Tajlandia -
Wygnana grupa chińskich chrześcijan opuściła Tajlandię i przybyła do niej w Stanach Zjednoczonych Ameryki po tym, jak zostali zatrzymani za przekroczenie dozwolonego okresu pobytu, co stało się incydentem międzynarodowym.
Nasza poprzednia historia:
Teraz aktualizacja:
Radio Wolna Azja donosi, że ta grupa Chińczyków bała się, że Tajlandia deportuje ich z powrotem do Chin, gdzie obawiali się prześladowań za przekonania religijne. Uważali, że chińscy agenci rządowi stoją za próbą znalezienia i aresztowania ich za przekroczenie terminu pobytu w celu powrotu do Chin.
Grupa została niedawno aresztowana w Pattaya w Tajlandii, gdzie od miesięcy po cichu próbowała zorganizować formalną podróż do USA.

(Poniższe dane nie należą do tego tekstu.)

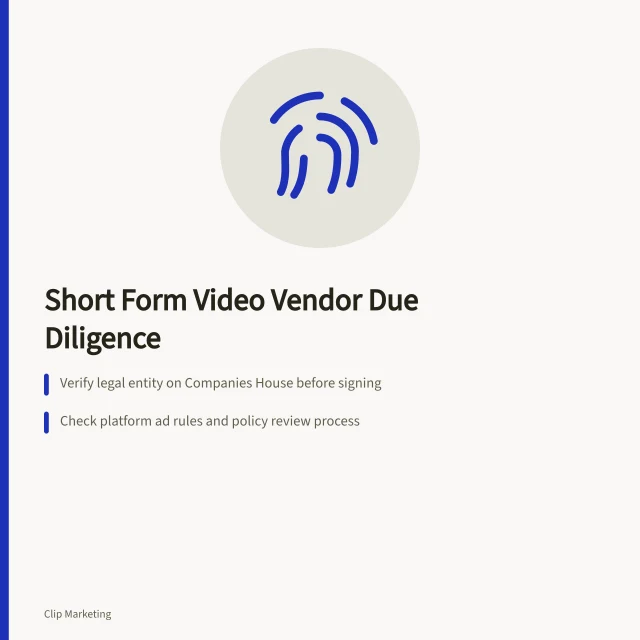 Checklist for short form video vendor due diligence in England. Short form video vendor due diligence explained for English buyers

Według działaczy współpracujących z chińskimi wygnańcami do ich aresztowania doprowadziła anonimowa informacja. Te grupy aktywistów stwierdziły, że wygnańcy nie chcieli wchodzić w konflikt z prawem Tajlandii i przedłużali pobyt tylko ze względu na obecne przepisy dotyczące obywateli Chin, które wymagają wizyty w ich ambasadzie w celu odnowienia wizy. Grupy aktywistów twierdziły, że jest to niemożliwe, ponieważ czuły, że w chwili, gdy wygnańcy wejdą do ambasady, zostaną zmuszeni do powrotu do Chin.
W międzyczasie, po ich aresztowaniu za nadmierny pobyt, władze Tajlandii spotkały się z agencją ONZ ds. Uchodźców UNHCR i ambasadą amerykańską, aby wspólnie pracować nad bezpiecznym wysłaniem ich do Stanów Zjednoczonych.
Mandarin Service Radia Wolna Azja potwierdziło personelowi China Aid, że 59 członków z 63 ogółem opuściło Tajlandię w czwartek (6 kwietniath) po zatrzymaniu. W międzyczasie czteroosobowa rodzina zdecydowała się zostać w Tajlandii, chociaż nie było jasne, dlaczego ani jakie dalsze kroki miała podjąć ta rodzina.
BenarNews poinformował, że ambasada amerykańska w Bangkoku odmówiła komentarza. Rzeczniczka UNHCR Morgane Roussel-Hemery powiedziała BenarNews, internetowemu serwisowi informacyjnemu stowarzyszonemu z RFA, że ze względów bezpieczeństwa i ochrony nie byli w stanie podać więcej szczegółów na temat uwolnienia i przeniesienia grupy.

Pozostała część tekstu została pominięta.